В самой высокой точке этой драмы есть одиночество, которое нельзя нарушить, есть тайны, которых не выразить, во всяком случае в тот час, когда обычный человек обращается к людям. Никакими словами, кроме тех, простых слов, и отдаленно не передаешь весь ужас, царивший на Голгофе. Его никогда не перестанут описывать, а в сущности — и не начинали. Что можно сказать о конце, когда вырвались немыслимо отчетливые, немыслимо непонятные слова, на миг разверзлась не выдуманная, а настоящая бездна в единстве Троицы и Бог оставил Бога?[277] Нам этих слов не понять во всю вечность, которую они нам дали.

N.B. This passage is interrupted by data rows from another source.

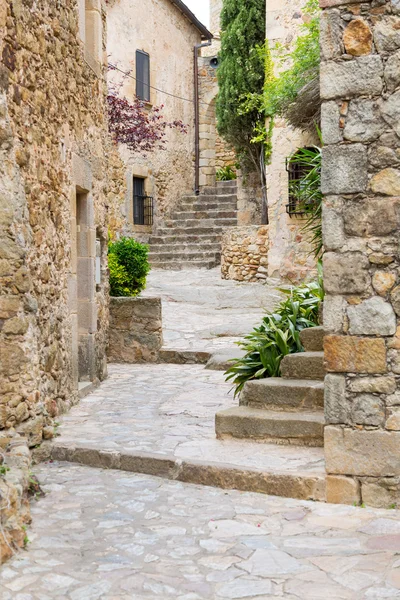 Passage with stairs in Peratallada — Stock Photo, Image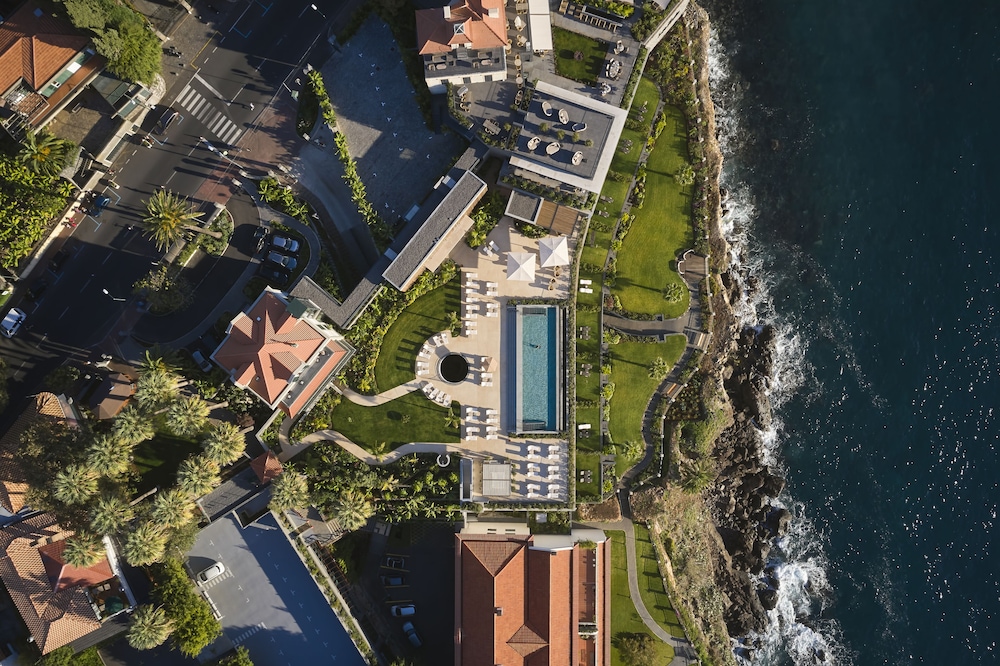 Les Suites at The Cliff Bay, by PortoBay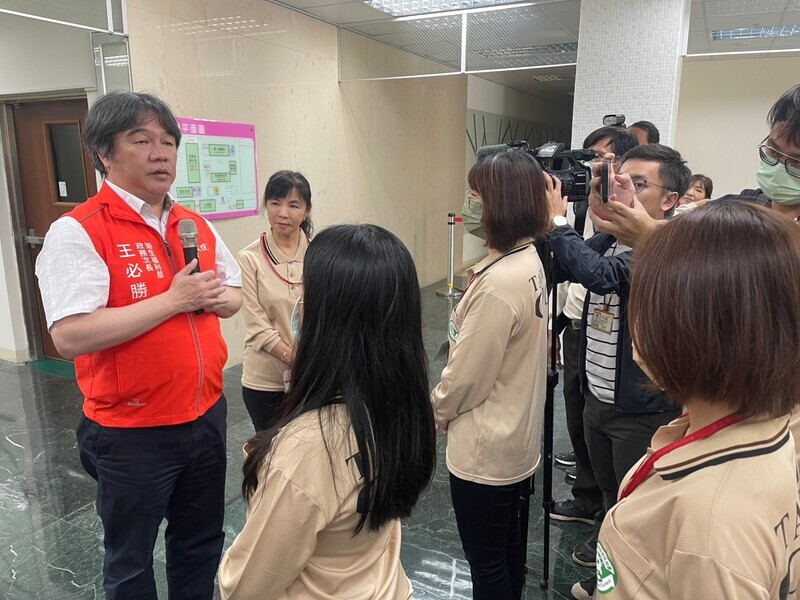 台南登革熱 羅一鈞：1個月內拚單週千例以下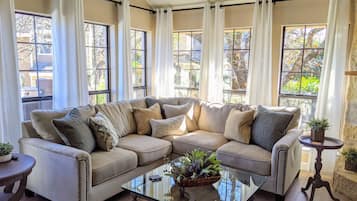 TV connectée, cheminée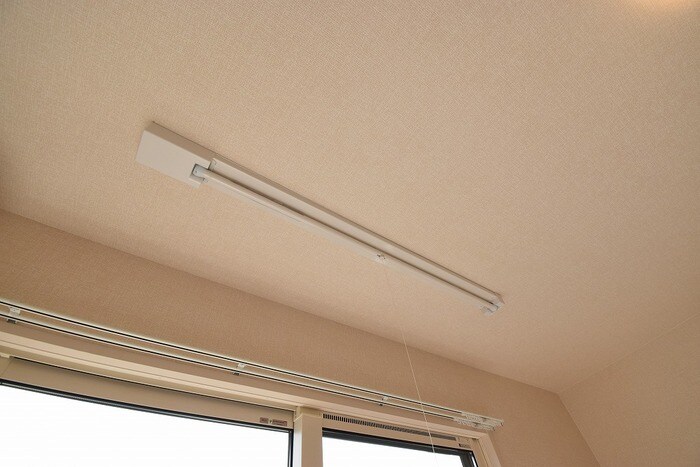 物件内観写真14　(室内物干し)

Тело сняли с креста, и один из немногих богатых учеников испросил разрешение похоронить Его в саду, в пещере. Римляне поставили охрану, опасаясь мятежа и похищения. Все это снова было как притча; не случайно закрыли могилу со всей таинственностью древних погребений, и сила кесарей охраняла ее. В тот час запечатали и погребли великий и славный мир, который мы зовем древностью. Пришел конец великому делу — человеческой истории, той истории, которая была только человеческой. Мифы и учения похоронили там, богов, мудрецов и героев. По прекрасной римской поговорке, они отжили[278]. Но они умели только жить, а потому могли только умереть. И вот они умерли.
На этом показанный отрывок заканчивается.